*Task data:*
──────────────────────────────

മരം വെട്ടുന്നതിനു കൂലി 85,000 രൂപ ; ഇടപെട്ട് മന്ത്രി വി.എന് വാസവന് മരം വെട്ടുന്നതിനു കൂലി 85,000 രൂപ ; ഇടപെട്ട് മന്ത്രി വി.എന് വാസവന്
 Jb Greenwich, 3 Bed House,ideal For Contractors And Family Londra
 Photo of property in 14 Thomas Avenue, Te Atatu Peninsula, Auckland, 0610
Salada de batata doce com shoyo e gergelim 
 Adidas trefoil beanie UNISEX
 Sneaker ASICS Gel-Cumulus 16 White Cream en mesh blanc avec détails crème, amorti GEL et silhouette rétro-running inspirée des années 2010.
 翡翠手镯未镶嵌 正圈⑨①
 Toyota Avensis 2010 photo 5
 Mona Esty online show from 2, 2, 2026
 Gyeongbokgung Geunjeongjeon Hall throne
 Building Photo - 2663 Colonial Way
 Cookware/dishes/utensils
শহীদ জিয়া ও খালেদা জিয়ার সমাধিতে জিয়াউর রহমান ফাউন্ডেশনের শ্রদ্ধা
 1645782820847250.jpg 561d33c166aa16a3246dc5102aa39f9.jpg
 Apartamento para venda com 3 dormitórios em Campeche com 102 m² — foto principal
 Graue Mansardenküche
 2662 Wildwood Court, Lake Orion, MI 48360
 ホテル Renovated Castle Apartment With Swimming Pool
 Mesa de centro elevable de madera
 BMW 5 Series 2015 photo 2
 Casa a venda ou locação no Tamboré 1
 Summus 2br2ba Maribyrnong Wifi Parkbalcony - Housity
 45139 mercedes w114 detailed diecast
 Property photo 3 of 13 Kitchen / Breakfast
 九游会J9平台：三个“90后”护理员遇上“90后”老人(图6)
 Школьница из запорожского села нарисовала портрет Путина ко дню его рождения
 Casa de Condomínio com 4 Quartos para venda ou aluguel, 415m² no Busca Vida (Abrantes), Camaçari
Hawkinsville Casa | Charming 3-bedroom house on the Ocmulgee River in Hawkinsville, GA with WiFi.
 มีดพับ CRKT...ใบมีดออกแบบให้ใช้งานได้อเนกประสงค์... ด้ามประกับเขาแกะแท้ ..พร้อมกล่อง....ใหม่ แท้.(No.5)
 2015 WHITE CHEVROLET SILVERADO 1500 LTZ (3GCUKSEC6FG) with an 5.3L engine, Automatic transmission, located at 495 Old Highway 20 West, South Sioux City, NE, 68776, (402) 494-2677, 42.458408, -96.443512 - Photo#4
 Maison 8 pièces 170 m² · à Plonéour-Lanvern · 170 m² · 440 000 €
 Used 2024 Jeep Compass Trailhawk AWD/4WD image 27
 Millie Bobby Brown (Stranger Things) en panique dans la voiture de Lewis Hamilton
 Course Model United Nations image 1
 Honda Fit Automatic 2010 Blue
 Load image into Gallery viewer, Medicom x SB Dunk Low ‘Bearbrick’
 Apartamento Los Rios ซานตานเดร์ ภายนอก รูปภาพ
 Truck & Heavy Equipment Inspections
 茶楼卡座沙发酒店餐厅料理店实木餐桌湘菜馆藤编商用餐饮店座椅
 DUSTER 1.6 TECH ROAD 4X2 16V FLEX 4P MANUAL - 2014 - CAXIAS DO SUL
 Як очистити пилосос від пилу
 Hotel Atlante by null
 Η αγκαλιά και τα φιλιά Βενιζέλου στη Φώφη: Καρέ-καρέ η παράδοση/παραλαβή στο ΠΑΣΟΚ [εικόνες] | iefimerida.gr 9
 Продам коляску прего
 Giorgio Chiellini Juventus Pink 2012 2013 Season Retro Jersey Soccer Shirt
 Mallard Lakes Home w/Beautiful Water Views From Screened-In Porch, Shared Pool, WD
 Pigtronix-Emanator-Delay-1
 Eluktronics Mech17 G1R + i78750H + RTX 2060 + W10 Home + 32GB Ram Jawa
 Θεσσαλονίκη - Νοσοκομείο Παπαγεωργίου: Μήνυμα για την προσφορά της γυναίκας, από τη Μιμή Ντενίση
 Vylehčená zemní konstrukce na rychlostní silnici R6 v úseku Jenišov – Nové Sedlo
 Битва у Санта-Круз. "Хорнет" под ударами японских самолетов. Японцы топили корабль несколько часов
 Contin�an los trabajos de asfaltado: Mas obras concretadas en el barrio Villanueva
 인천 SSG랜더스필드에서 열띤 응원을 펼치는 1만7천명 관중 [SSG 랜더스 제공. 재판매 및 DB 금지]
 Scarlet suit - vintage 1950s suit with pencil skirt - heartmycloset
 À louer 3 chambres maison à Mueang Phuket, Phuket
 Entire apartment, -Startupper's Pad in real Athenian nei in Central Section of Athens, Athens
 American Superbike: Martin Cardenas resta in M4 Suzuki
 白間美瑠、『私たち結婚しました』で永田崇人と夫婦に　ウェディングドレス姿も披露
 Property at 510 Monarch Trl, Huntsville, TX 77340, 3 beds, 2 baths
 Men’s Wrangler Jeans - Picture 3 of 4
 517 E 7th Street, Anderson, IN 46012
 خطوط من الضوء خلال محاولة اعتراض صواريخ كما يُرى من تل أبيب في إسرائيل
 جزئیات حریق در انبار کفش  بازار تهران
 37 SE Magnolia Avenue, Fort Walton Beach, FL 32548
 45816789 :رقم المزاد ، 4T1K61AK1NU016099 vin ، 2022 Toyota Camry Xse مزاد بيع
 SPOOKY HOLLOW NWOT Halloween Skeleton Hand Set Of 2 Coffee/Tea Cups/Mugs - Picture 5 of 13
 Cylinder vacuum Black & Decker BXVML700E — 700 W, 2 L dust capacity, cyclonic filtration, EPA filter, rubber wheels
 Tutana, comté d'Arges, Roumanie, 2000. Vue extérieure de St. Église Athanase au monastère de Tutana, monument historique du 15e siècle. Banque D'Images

──────────────────────────────

In the listing above, locate the line with "Jb Greenwich, 3" and the line with "Cookware/dishes/utensils", then extract exactly those lines and every line between them, and nothing more.

*Solved problem:*
 Jb Greenwich, 3 Bed House,ideal For Contractors And Family Londra
 Photo of property in 14 Thomas Avenue, Te Atatu Peninsula, Auckland, 0610
Salada de batata doce com shoyo e gergelim 
 Adidas trefoil beanie UNISEX
 Sneaker ASICS Gel-Cumulus 16 White Cream en mesh blanc avec détails crème, amorti GEL et silhouette rétro-running inspirée des années 2010.
 翡翠手镯未镶嵌 正圈⑨①
 Toyota Avensis 2010 photo 5
 Mona Esty online show from 2, 2, 2026
 Gyeongbokgung Geunjeongjeon Hall throne
 Building Photo - 2663 Colonial Way
 Cookware/dishes/utensils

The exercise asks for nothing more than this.